Florence sighed and looked about at her friends and family. “It’s been a lovely day, hasn’t it? Utterly perfect, only….”
“Only?” Henry repeated, arching an eyebrow at her.
Florence leaned in and whispered in his ear. “When are they going home?”
“Ah.” He grinned at her and winked before turning towards t
he Earl of St Clair.
“Er… Jasper,” he said, before clearing his throat. “That thing we discussed….”
“Oh, absolutely!” Jasper sprang to his feet and clapped his hands together. “Ladies and gentlemen if I might have your attention, please. After this wonderful day, I think it only right that we raise one last toast to the bride and groom before we go on our way, and I do hope that you will all return to Holbrook with us where we have a celebration of our own devising so that we may leave the newlyweds in peace. Oh, and we have fireworks!”
There was a cheer and much laughter as everyone raised their glasses once again.
“Henry and Florence!” everyone said, and glasses chinked and there was yet another round of congratulations, but finally, the earl ushered everyone out to their carriages.
Florence bade her parents goodbye, managing not to sob at the bear hug her father gave her, nor blush too fiercely at her mother’s whispered last-minute advice.
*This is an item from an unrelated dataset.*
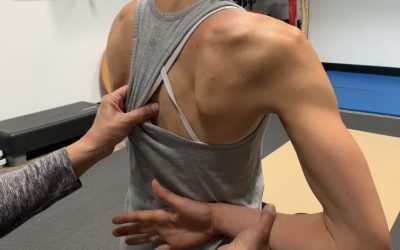3 Must Do’s in the Treatment Of Pinched Nerve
Finally only the earl remained as he handed his wife up into their carriage.
“Thank you, Jasper. You’re a good friend,” Henry said, shaking the earl’s hand.
Jasper laughed and shook his head. “What are friends for, if not for clearing off unwanted guests on your wedding night? Congratulations, you lucky fellow. I’m looking forward to having you as a neighbour again. Don’t let him go off gallivanting for too long, please, Florence. And you are always welcome at Holbrook.”
“Thank you, my lord,” she said, which Jasper scowled at.
“No, no, call me Jasper. We’re practically family, you know. He’s like a brother to me, so you must be a sister.”
They laughed and waved the carriage off, and finally, blessedly, they were alone.
“Goodness,” Florence said, feeling dazed and suddenly rather shy.
“Come along,” Henry said, and towed her towards the house.
Florence hurried to keep up, inexplicably nervous. She wondered if she ought to have been in such a hurry to get rid of everyone.